Monday, October 1, 2007

6.2 -- Reproaches and Levels of The Facebook Offense

Interestingly, this assignment was a little more difficult for me than I expected, because so many of the online behaviors that we have come to see as societal norms are now almost second nature to us. Well, maybe second nature is going a little far, but I definitely had to think to come up with two examples of reproaches. This fact in and of itself goes to show how quickly we adapt to our surroundings, and expect certain similar actions from others.

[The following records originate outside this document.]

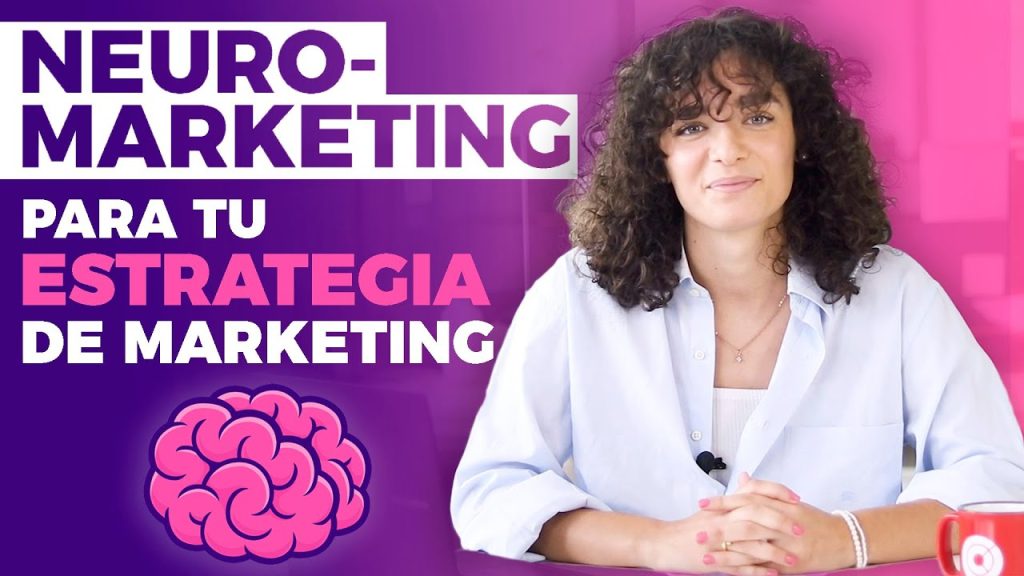 Guía Completa: Cómo Incorporar el Neuromarketing en tu Estrategia de ...
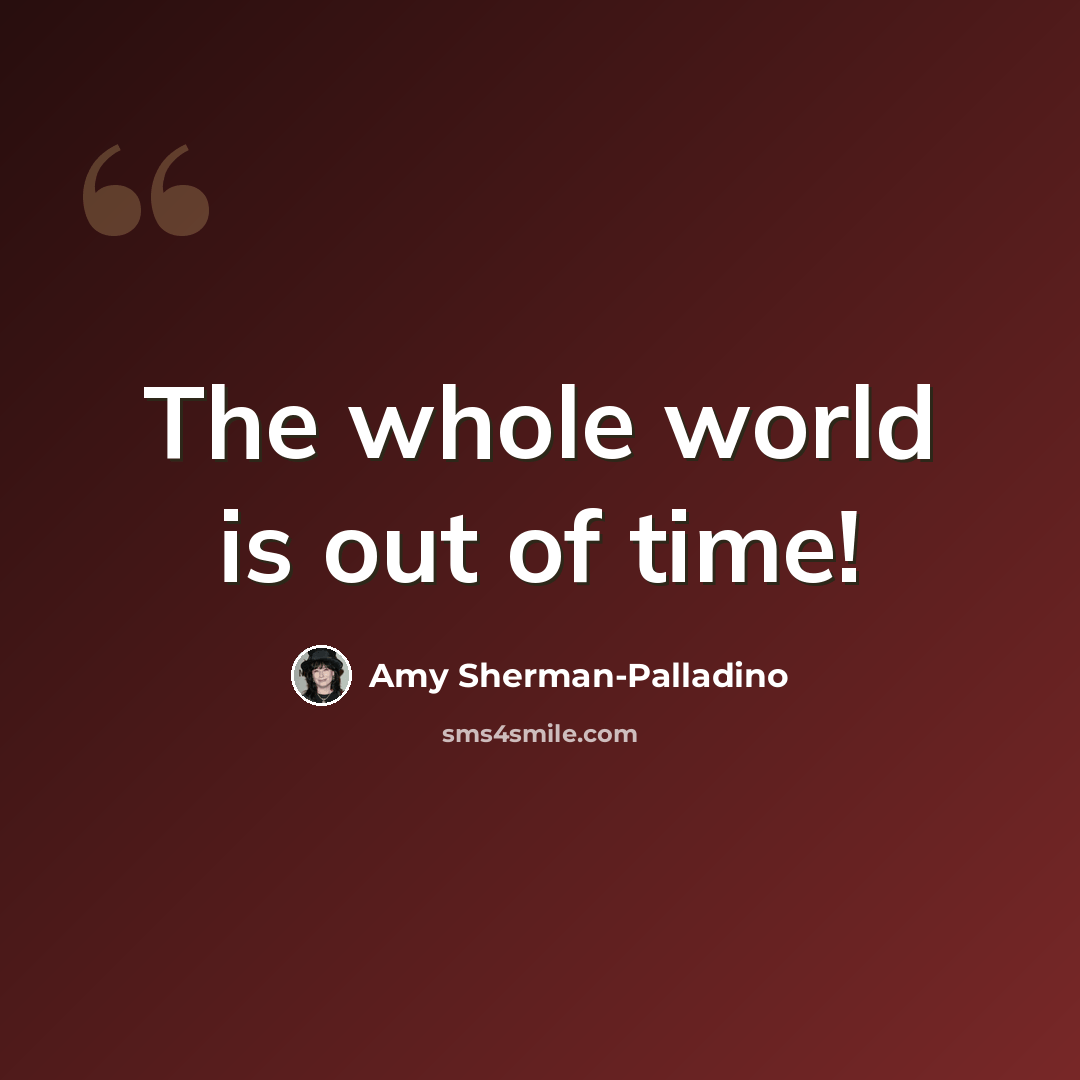 “The whole world is out of time!” quote by Amy Sherman-Palladino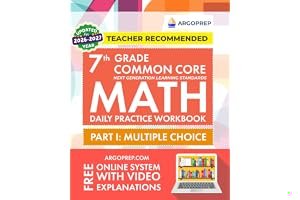 7th Grade Common Core Math: Daily Practice Workbook - Part I: Multiple Choice | 1000+ Practice Questions and Video Explanations | Argo Brothers book cover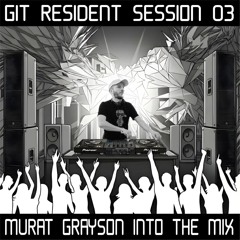 GIT Resident Session 003 # Murat Grayson Into The Mix
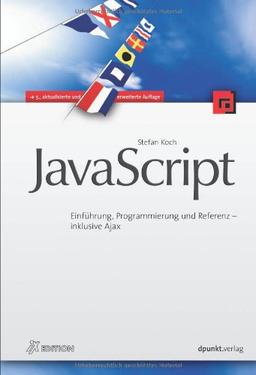 JavaScript&#58; Einführung, Programmierung und Referenz - inklusive Ajax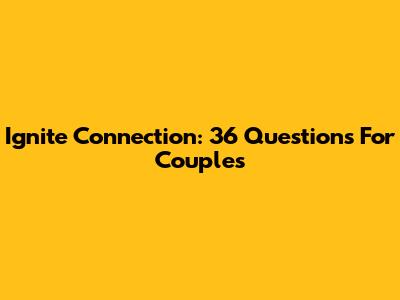 Ignite Connection: 36 Questions For Couples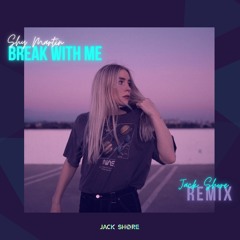SHY Martin - Break with me (Jack Shore remix)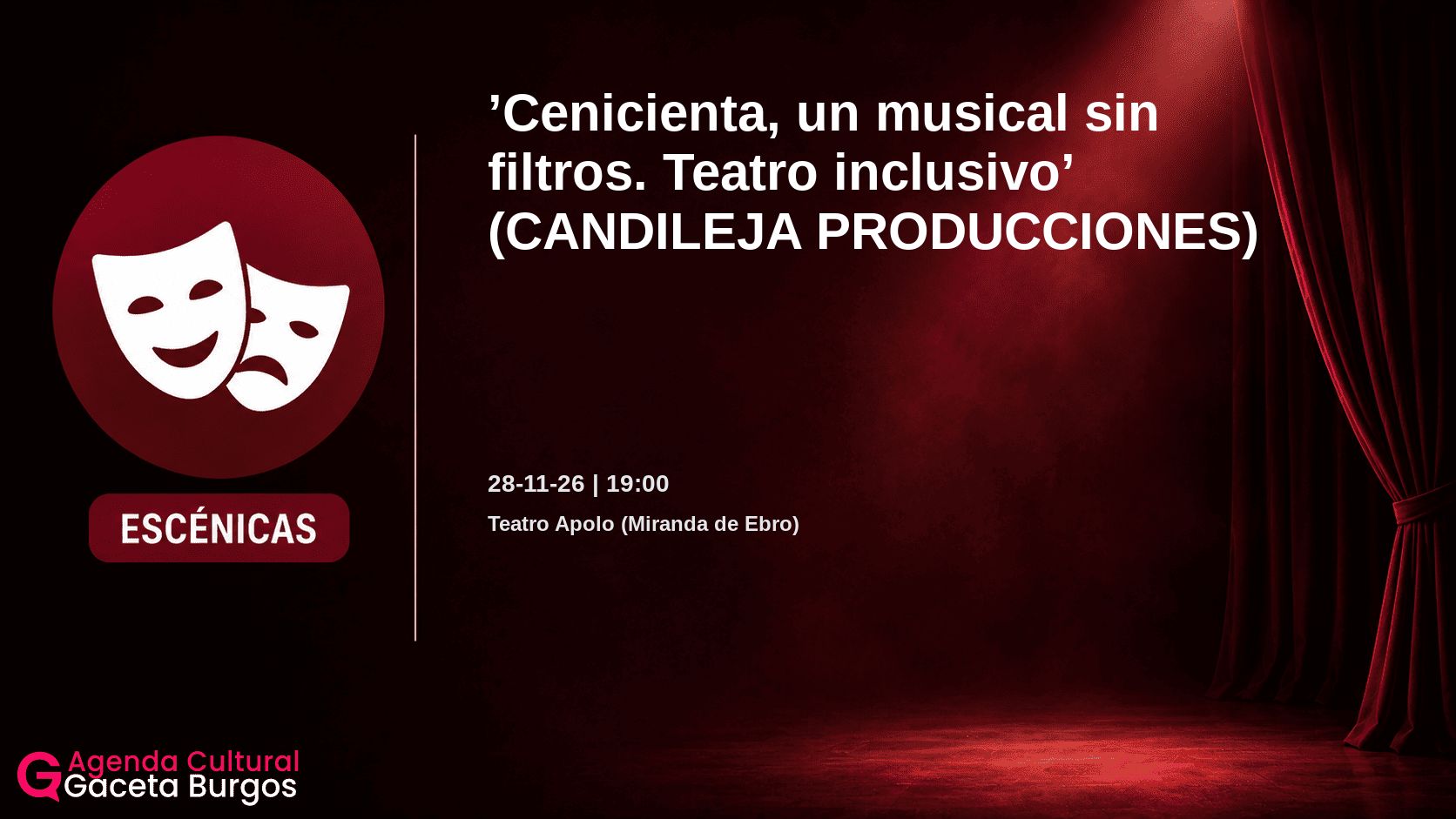 Imagen del evento Cenicienta, un musical sin filtros. Teatro inclusivo en Miranda de Ebro
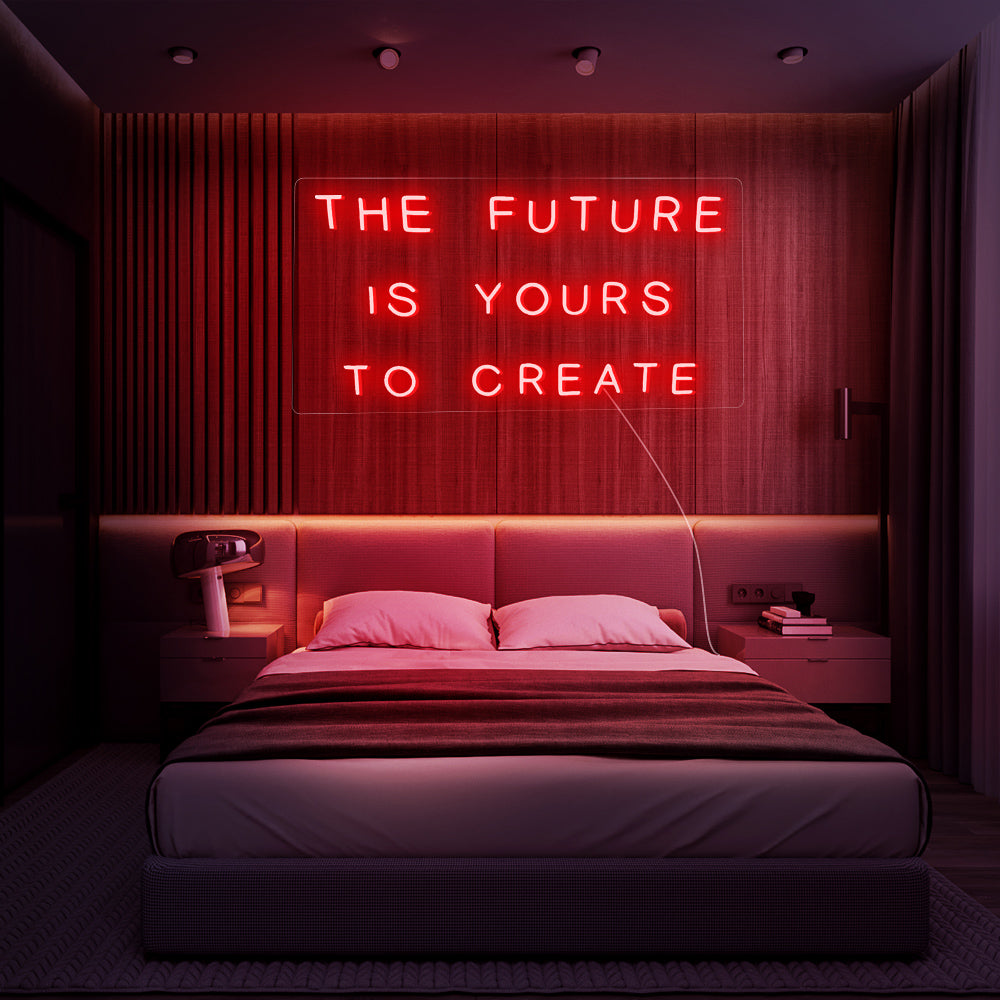 Enseigne néon the future is yours to create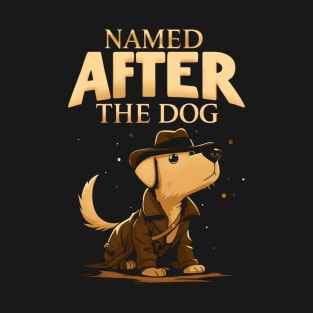 Name After the Dog - Indy Funny T-Shirt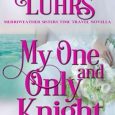one and only knight cynthia luhrs
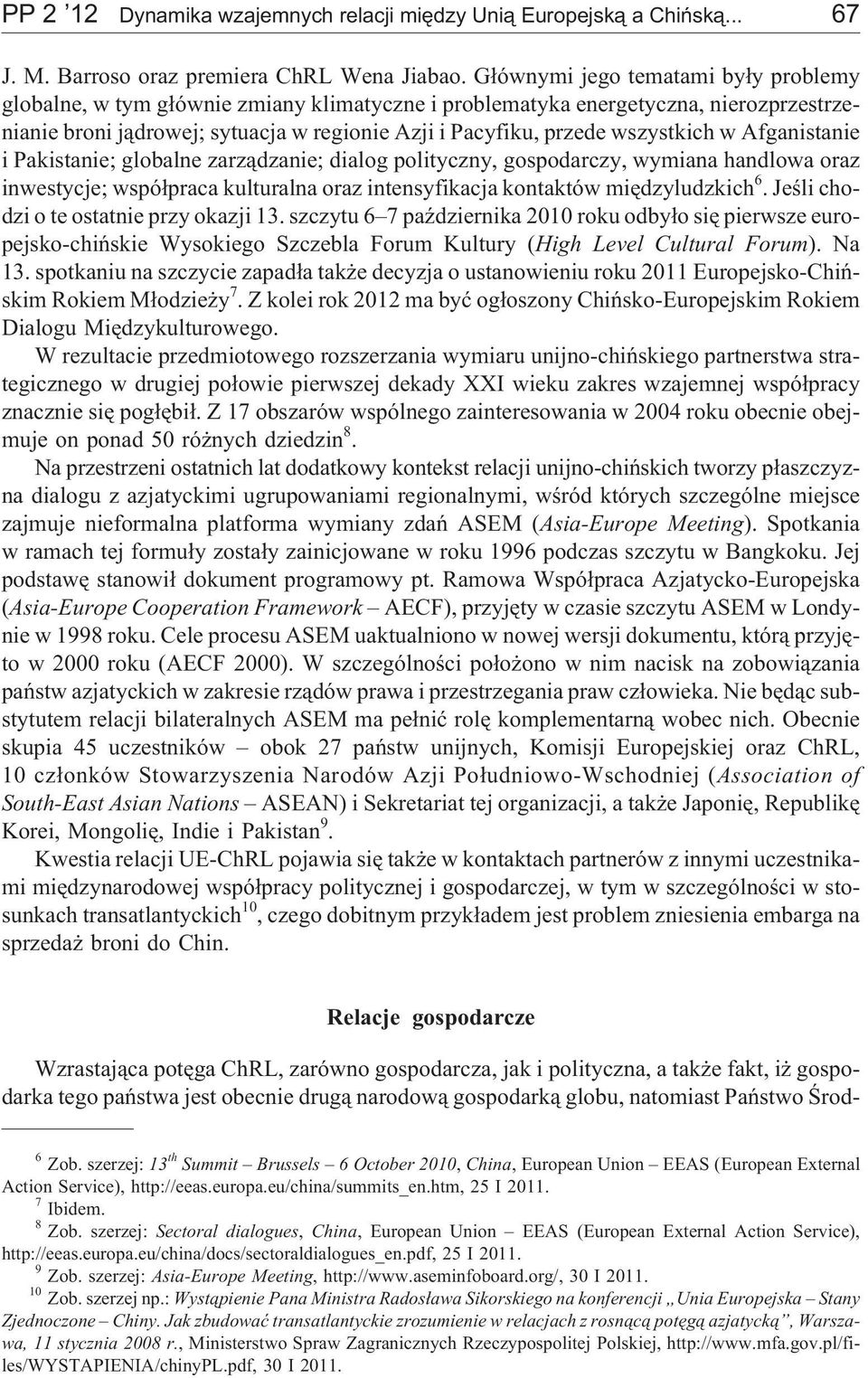 wszystkich w Afganistanie i Pakistanie; globalne zarz¹dzanie; dialog polityczny, gospodarczy, wymiana handlowa oraz inwestycje; wspó³praca kulturalna oraz intensyfikacja kontaktów miêdzyludzkich 6.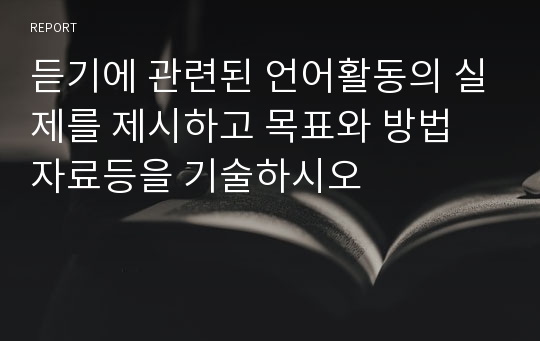 듣기에 관련된 언어활동의 실제를 제시하고 목표와 방법 자료등을 기술하시오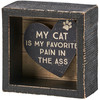 Cat Lover Decorative Inset Wooden Box Sign - My Cat Is My Favorite Pain In The Ass 4x4 - Pet Collection from Primitives by Kathy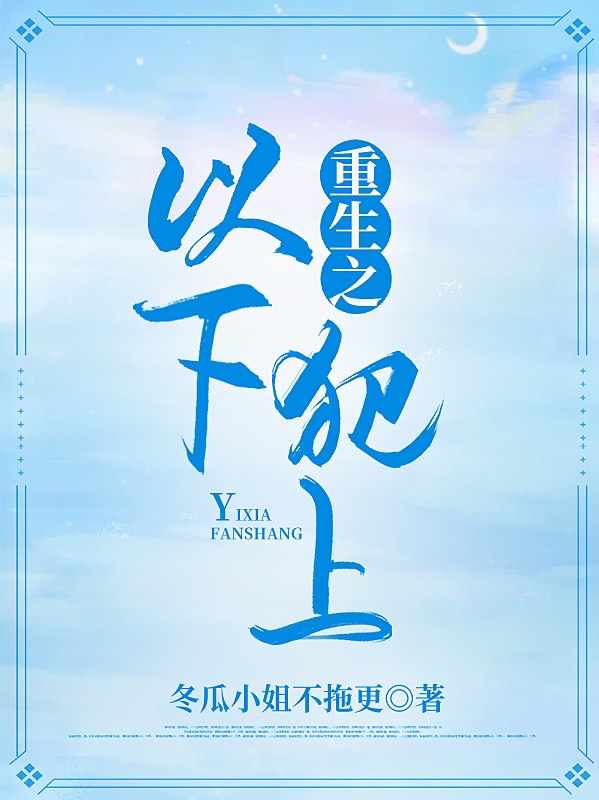 重生之以下犯上免费阅读，重生之以下犯上全文在线阅读
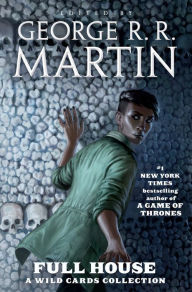 Title: Full House: A Wild Cards Collection, Author: George R. R. Martin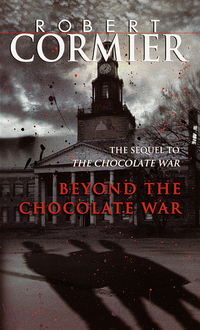 Cover image: Beyond the Chocolate War 1st edition 9780440905806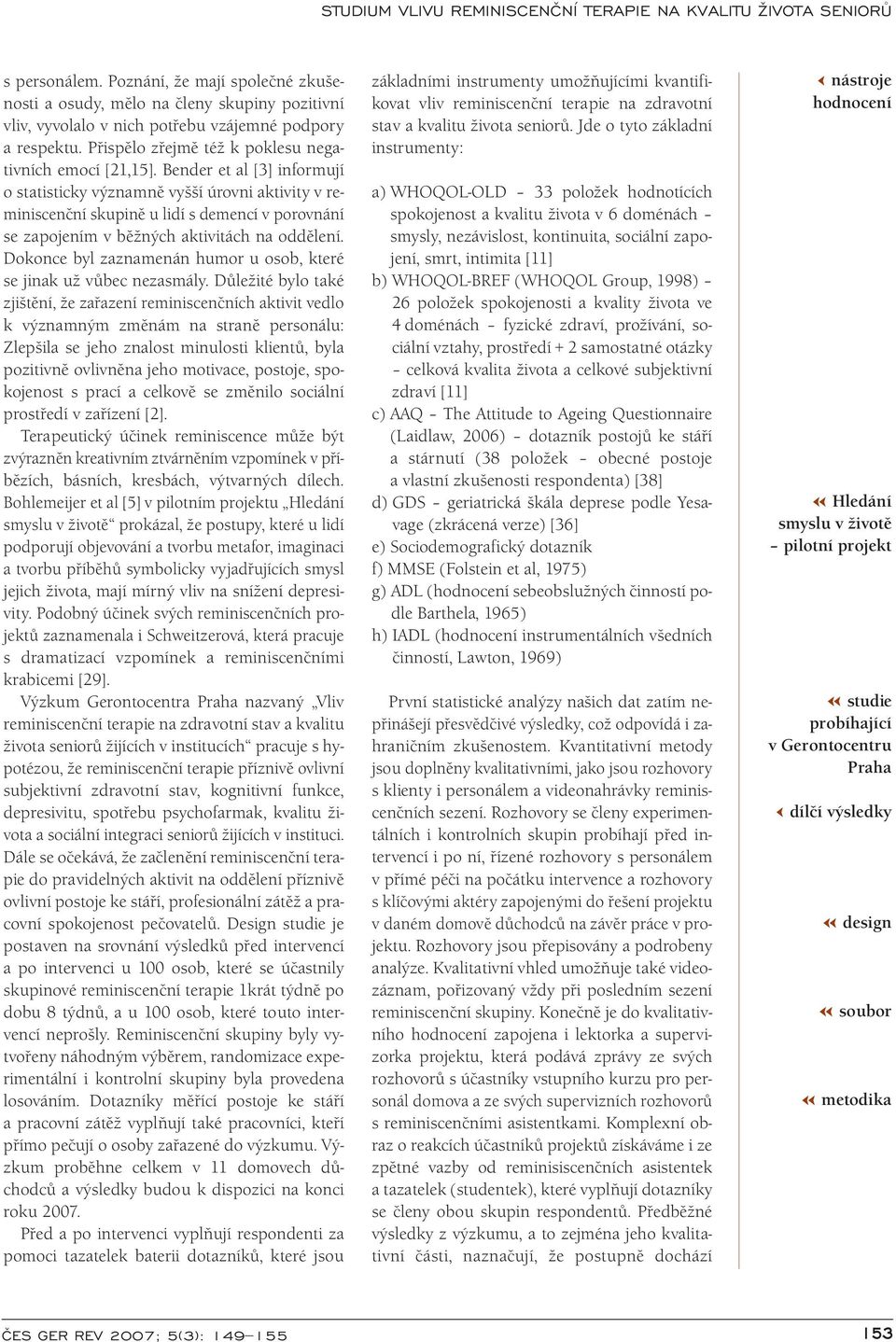 Bender et al [3] informují o statisticky významně vyšší úrovni aktivity v reminiscenční skupině u lidí s demencí v porovnání se zapojením v běžných aktivitách na oddělení.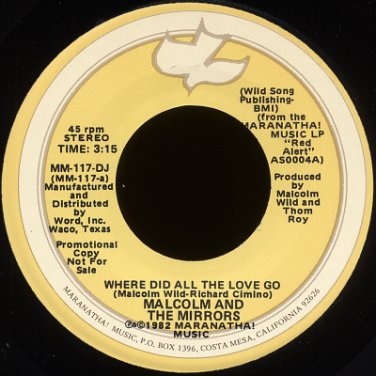 MALCOLM AND THE MIRRORS--"WHERE DID ALL THE LOVE GO"" (3:15 - STEREO/MONO) 45 RPM 7"" Vinyl
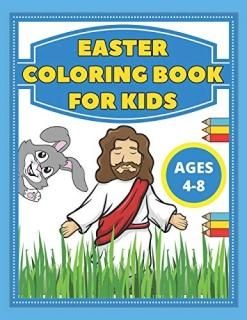 Easter Coloring Book For Kids Ages 4-8  Include Quick Facts  Bible Illustrations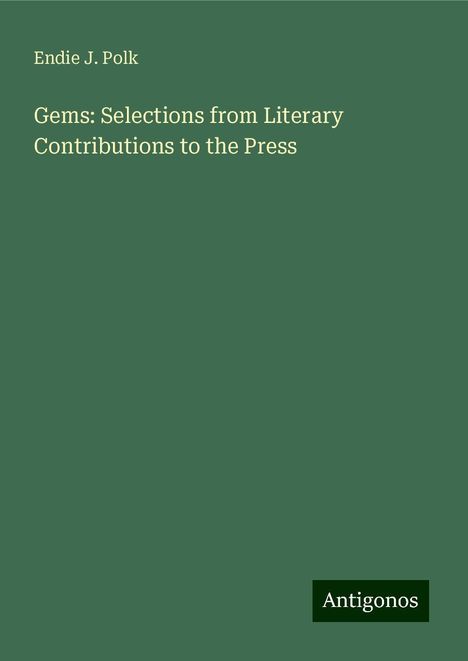 Endie J. Polk: Gems: Selections from Literary Contributions to the Press, Buch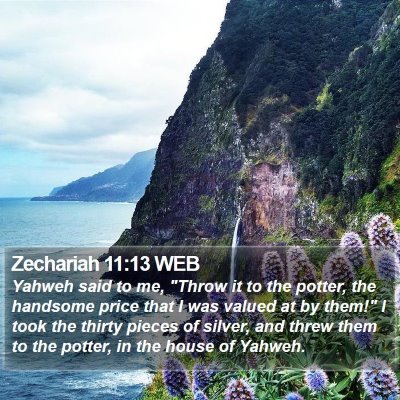 Zechariah 11:13 WEB Bible Verse Image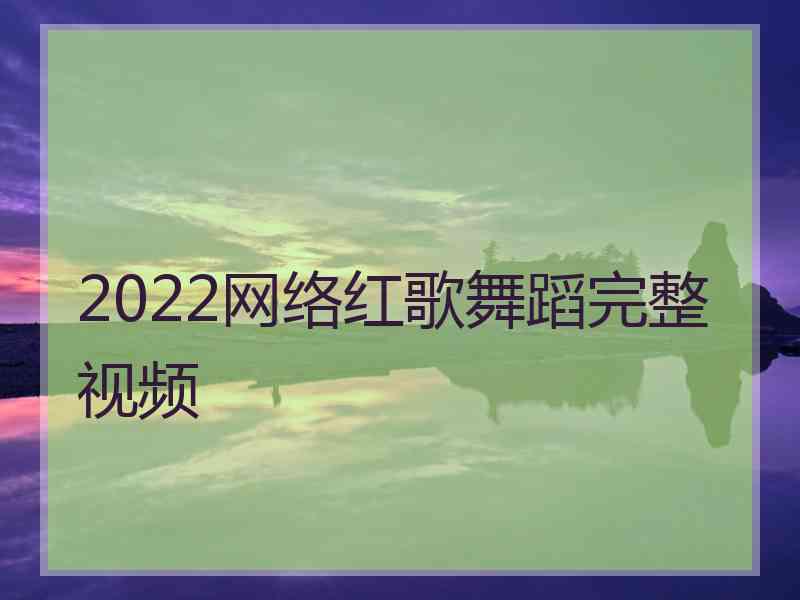 2022网络红歌舞蹈完整视频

The two reproaches I will use both took place on Facebook (What can I say, I'm addicted). I'll start with the one involving my roommate L's profile picture. A few months ago, she put up a picture of Eva Longoria as her profile picture. This went against the norm of putting up a clear picture of oneself, and people immediately noticed her deviant behavior. People posted things on her wall like "hey, that's not you!" and "nice picture". After about a week, someone even poseted "what's with the pic?". While the posts at first were more of a humorous nature, people expected that she would change the picture after a day or so, and when she didn't, the posts became less humorous and more accusator. She ended up putting her real picture back up. Thus, the reproach was successful, possibly because of the number of people that reacted to the breach of the norm in a similar way. When people seemed no longer amused (and conveyed their lack of amusement through their posts), L changed her picture back to the societal norm: a picture of herself. This relates to Wallace's theoretical issues if we consider facebook users as a group, and recognize that in that group, it is going against the norm to put up a picture that is not oneself. The reproach was somewhat more vocal than just a 'raised eyebrow', in response to a somewhat more obvious type of offense; what Wallace would most likely call a factual error. Because the other group members assume that the profile picture is of you, it is similar to a lie to put up a picture of someone else.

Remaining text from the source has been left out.